YOUR ASSIGNMENT:
In full and without alteration, give the listing again.

□ □ □ □ □

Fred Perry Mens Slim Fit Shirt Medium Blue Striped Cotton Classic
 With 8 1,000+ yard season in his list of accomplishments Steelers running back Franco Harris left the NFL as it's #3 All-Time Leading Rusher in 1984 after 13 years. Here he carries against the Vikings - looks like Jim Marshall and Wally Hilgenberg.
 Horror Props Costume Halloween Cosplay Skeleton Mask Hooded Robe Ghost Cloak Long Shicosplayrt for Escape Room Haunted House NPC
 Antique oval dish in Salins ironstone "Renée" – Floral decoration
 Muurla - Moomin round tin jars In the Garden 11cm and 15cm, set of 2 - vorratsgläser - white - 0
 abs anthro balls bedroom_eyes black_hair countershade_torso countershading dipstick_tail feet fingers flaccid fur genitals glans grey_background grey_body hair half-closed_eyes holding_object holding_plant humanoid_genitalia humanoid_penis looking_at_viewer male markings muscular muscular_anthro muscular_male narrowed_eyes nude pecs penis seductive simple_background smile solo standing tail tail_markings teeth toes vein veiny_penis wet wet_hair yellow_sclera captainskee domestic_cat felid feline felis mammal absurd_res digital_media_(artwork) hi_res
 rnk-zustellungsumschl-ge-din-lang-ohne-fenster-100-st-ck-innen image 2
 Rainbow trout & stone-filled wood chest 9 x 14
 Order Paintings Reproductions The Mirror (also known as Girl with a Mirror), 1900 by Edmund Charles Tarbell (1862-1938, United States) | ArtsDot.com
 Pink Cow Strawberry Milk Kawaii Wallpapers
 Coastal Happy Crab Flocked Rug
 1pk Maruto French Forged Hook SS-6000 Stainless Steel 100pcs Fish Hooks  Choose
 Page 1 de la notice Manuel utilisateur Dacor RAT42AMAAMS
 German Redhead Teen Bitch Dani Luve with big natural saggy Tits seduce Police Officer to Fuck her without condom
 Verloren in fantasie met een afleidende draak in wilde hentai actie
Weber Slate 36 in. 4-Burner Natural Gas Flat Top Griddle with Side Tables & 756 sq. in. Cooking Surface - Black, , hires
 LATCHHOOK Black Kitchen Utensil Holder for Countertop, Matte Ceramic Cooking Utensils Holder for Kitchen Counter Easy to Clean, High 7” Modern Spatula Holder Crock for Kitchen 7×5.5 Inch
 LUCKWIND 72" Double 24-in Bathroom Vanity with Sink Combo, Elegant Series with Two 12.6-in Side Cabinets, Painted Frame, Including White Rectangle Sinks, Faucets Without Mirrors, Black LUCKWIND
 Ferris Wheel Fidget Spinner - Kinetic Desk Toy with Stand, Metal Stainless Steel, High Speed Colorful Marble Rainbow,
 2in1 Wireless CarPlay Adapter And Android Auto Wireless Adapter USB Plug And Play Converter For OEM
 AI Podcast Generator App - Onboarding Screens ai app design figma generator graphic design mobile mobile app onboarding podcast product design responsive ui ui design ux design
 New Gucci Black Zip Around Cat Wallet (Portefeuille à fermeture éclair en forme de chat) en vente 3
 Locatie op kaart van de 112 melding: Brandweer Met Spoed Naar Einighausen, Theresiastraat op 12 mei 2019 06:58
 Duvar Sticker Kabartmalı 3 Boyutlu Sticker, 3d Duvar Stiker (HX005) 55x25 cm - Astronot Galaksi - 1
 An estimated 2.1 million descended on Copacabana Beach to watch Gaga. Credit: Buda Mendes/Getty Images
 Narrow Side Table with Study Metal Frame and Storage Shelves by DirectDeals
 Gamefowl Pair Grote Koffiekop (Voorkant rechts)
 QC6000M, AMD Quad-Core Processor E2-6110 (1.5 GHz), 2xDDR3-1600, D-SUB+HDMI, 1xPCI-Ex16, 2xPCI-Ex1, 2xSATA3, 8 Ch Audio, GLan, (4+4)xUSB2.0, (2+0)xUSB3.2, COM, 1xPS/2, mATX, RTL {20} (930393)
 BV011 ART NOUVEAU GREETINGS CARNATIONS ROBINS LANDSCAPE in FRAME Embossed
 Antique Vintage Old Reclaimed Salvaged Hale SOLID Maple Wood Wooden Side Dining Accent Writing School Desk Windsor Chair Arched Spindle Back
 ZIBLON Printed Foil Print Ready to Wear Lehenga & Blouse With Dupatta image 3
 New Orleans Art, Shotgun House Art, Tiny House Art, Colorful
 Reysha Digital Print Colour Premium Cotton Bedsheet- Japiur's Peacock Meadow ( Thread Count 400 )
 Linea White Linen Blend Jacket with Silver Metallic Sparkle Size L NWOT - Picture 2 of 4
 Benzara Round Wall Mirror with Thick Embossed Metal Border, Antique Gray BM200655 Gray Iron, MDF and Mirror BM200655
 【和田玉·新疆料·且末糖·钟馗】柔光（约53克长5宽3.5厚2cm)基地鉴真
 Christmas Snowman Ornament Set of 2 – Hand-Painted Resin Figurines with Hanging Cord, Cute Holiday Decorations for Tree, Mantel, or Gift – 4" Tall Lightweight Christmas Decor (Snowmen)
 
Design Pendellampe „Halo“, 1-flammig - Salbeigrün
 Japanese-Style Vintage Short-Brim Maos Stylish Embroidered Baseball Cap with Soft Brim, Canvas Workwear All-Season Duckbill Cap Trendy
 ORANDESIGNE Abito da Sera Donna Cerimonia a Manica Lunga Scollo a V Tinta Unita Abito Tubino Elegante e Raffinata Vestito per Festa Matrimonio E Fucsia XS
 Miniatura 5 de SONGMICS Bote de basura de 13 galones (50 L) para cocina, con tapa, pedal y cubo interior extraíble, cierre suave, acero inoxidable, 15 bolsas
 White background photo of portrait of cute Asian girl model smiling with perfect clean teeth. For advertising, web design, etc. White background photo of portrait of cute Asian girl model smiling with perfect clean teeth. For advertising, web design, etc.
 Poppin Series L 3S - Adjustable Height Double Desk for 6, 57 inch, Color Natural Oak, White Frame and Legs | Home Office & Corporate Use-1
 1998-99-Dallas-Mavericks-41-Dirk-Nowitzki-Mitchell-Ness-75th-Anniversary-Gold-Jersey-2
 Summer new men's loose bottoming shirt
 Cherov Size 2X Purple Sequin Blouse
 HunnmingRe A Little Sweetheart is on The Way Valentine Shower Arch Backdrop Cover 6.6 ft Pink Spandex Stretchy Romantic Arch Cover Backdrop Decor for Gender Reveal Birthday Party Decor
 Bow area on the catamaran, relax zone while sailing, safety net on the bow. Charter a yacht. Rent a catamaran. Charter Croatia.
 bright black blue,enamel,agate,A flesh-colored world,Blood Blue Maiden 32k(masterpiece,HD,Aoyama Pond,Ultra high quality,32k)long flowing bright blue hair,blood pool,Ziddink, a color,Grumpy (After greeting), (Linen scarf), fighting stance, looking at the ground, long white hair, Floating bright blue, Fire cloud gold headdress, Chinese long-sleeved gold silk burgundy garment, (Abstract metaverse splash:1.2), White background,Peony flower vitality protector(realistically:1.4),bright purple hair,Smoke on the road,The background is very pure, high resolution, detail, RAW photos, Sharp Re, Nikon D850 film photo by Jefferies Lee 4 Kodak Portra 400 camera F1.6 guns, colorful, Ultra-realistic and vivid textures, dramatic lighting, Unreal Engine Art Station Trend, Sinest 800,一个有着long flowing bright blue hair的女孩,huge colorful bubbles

□ □ □ □ □

SOLVED EXERCISE:
Fred Perry Mens Slim Fit Shirt Medium Blue Striped Cotton Classic
 With 8 1,000+ yard season in his list of accomplishments Steelers running back Franco Harris left the NFL as it's #3 All-Time Leading Rusher in 1984 after 13 years. Here he carries against the Vikings - looks like Jim Marshall and Wally Hilgenberg.
 Horror Props Costume Halloween Cosplay Skeleton Mask Hooded Robe Ghost Cloak Long Shicosplayrt for Escape Room Haunted House NPC
 Antique oval dish in Salins ironstone "Renée" – Floral decoration
 Muurla - Moomin round tin jars In the Garden 11cm and 15cm, set of 2 - vorratsgläser - white - 0
 abs anthro balls bedroom_eyes black_hair countershade_torso countershading dipstick_tail feet fingers flaccid fur genitals glans grey_background grey_body hair half-closed_eyes holding_object holding_plant humanoid_genitalia humanoid_penis looking_at_viewer male markings muscular muscular_anthro muscular_male narrowed_eyes nude pecs penis seductive simple_background smile solo standing tail tail_markings teeth toes vein veiny_penis wet wet_hair yellow_sclera captainskee domestic_cat felid feline felis mammal absurd_res digital_media_(artwork) hi_res
 rnk-zustellungsumschl-ge-din-lang-ohne-fenster-100-st-ck-innen image 2
 Rainbow trout & stone-filled wood chest 9 x 14
 Order Paintings Reproductions The Mirror (also known as Girl with a Mirror), 1900 by Edmund Charles Tarbell (1862-1938, United States) | ArtsDot.com
 Pink Cow Strawberry Milk Kawaii Wallpapers
 Coastal Happy Crab Flocked Rug
 1pk Maruto French Forged Hook SS-6000 Stainless Steel 100pcs Fish Hooks  Choose
 Page 1 de la notice Manuel utilisateur Dacor RAT42AMAAMS
 German Redhead Teen Bitch Dani Luve with big natural saggy Tits seduce Police Officer to Fuck her without condom
 Verloren in fantasie met een afleidende draak in wilde hentai actie
Weber Slate 36 in. 4-Burner Natural Gas Flat Top Griddle with Side Tables & 756 sq. in. Cooking Surface - Black, , hires
 LATCHHOOK Black Kitchen Utensil Holder for Countertop, Matte Ceramic Cooking Utensils Holder for Kitchen Counter Easy to Clean, High 7” Modern Spatula Holder Crock for Kitchen 7×5.5 Inch
 LUCKWIND 72" Double 24-in Bathroom Vanity with Sink Combo, Elegant Series with Two 12.6-in Side Cabinets, Painted Frame, Including White Rectangle Sinks, Faucets Without Mirrors, Black LUCKWIND
 Ferris Wheel Fidget Spinner - Kinetic Desk Toy with Stand, Metal Stainless Steel, High Speed Colorful Marble Rainbow,
 2in1 Wireless CarPlay Adapter And Android Auto Wireless Adapter USB Plug And Play Converter For OEM
 AI Podcast Generator App - Onboarding Screens ai app design figma generator graphic design mobile mobile app onboarding podcast product design responsive ui ui design ux design
 New Gucci Black Zip Around Cat Wallet (Portefeuille à fermeture éclair en forme de chat) en vente 3
 Locatie op kaart van de 112 melding: Brandweer Met Spoed Naar Einighausen, Theresiastraat op 12 mei 2019 06:58
 Duvar Sticker Kabartmalı 3 Boyutlu Sticker, 3d Duvar Stiker (HX005) 55x25 cm - Astronot Galaksi - 1
 An estimated 2.1 million descended on Copacabana Beach to watch Gaga. Credit: Buda Mendes/Getty Images
 Narrow Side Table with Study Metal Frame and Storage Shelves by DirectDeals
 Gamefowl Pair Grote Koffiekop (Voorkant rechts)
 QC6000M, AMD Quad-Core Processor E2-6110 (1.5 GHz), 2xDDR3-1600, D-SUB+HDMI, 1xPCI-Ex16, 2xPCI-Ex1, 2xSATA3, 8 Ch Audio, GLan, (4+4)xUSB2.0, (2+0)xUSB3.2, COM, 1xPS/2, mATX, RTL {20} (930393)
 BV011 ART NOUVEAU GREETINGS CARNATIONS ROBINS LANDSCAPE in FRAME Embossed
 Antique Vintage Old Reclaimed Salvaged Hale SOLID Maple Wood Wooden Side Dining Accent Writing School Desk Windsor Chair Arched Spindle Back
 ZIBLON Printed Foil Print Ready to Wear Lehenga & Blouse With Dupatta image 3
 New Orleans Art, Shotgun House Art, Tiny House Art, Colorful
 Reysha Digital Print Colour Premium Cotton Bedsheet- Japiur's Peacock Meadow ( Thread Count 400 )
 Linea White Linen Blend Jacket with Silver Metallic Sparkle Size L NWOT - Picture 2 of 4
 Benzara Round Wall Mirror with Thick Embossed Metal Border, Antique Gray BM200655 Gray Iron, MDF and Mirror BM200655
 【和田玉·新疆料·且末糖·钟馗】柔光（约53克长5宽3.5厚2cm)基地鉴真
 Christmas Snowman Ornament Set of 2 – Hand-Painted Resin Figurines with Hanging Cord, Cute Holiday Decorations for Tree, Mantel, or Gift – 4" Tall Lightweight Christmas Decor (Snowmen)
 
Design Pendellampe „Halo“, 1-flammig - Salbeigrün
 Japanese-Style Vintage Short-Brim Maos Stylish Embroidered Baseball Cap with Soft Brim, Canvas Workwear All-Season Duckbill Cap Trendy
 ORANDESIGNE Abito da Sera Donna Cerimonia a Manica Lunga Scollo a V Tinta Unita Abito Tubino Elegante e Raffinata Vestito per Festa Matrimonio E Fucsia XS
 Miniatura 5 de SONGMICS Bote de basura de 13 galones (50 L) para cocina, con tapa, pedal y cubo interior extraíble, cierre suave, acero inoxidable, 15 bolsas
 White background photo of portrait of cute Asian girl model smiling with perfect clean teeth. For advertising, web design, etc. White background photo of portrait of cute Asian girl model smiling with perfect clean teeth. For advertising, web design, etc.
 Poppin Series L 3S - Adjustable Height Double Desk for 6, 57 inch, Color Natural Oak, White Frame and Legs | Home Office & Corporate Use-1
 1998-99-Dallas-Mavericks-41-Dirk-Nowitzki-Mitchell-Ness-75th-Anniversary-Gold-Jersey-2
 Summer new men's loose bottoming shirt
 Cherov Size 2X Purple Sequin Blouse
 HunnmingRe A Little Sweetheart is on The Way Valentine Shower Arch Backdrop Cover 6.6 ft Pink Spandex Stretchy Romantic Arch Cover Backdrop Decor for Gender Reveal Birthday Party Decor
 Bow area on the catamaran, relax zone while sailing, safety net on the bow. Charter a yacht. Rent a catamaran. Charter Croatia.
 bright black blue,enamel,agate,A flesh-colored world,Blood Blue Maiden 32k(masterpiece,HD,Aoyama Pond,Ultra high quality,32k)long flowing bright blue hair,blood pool,Ziddink, a color,Grumpy (After greeting), (Linen scarf), fighting stance, looking at the ground, long white hair, Floating bright blue, Fire cloud gold headdress, Chinese long-sleeved gold silk burgundy garment, (Abstract metaverse splash:1.2), White background,Peony flower vitality protector(realistically:1.4),bright purple hair,Smoke on the road,The background is very pure, high resolution, detail, RAW photos, Sharp Re, Nikon D850 film photo by Jefferies Lee 4 Kodak Portra 400 camera F1.6 guns, colorful, Ultra-realistic and vivid textures, dramatic lighting, Unreal Engine Art Station Trend, Sinest 800,一个有着long flowing bright blue hair的女孩,huge colorful bubbles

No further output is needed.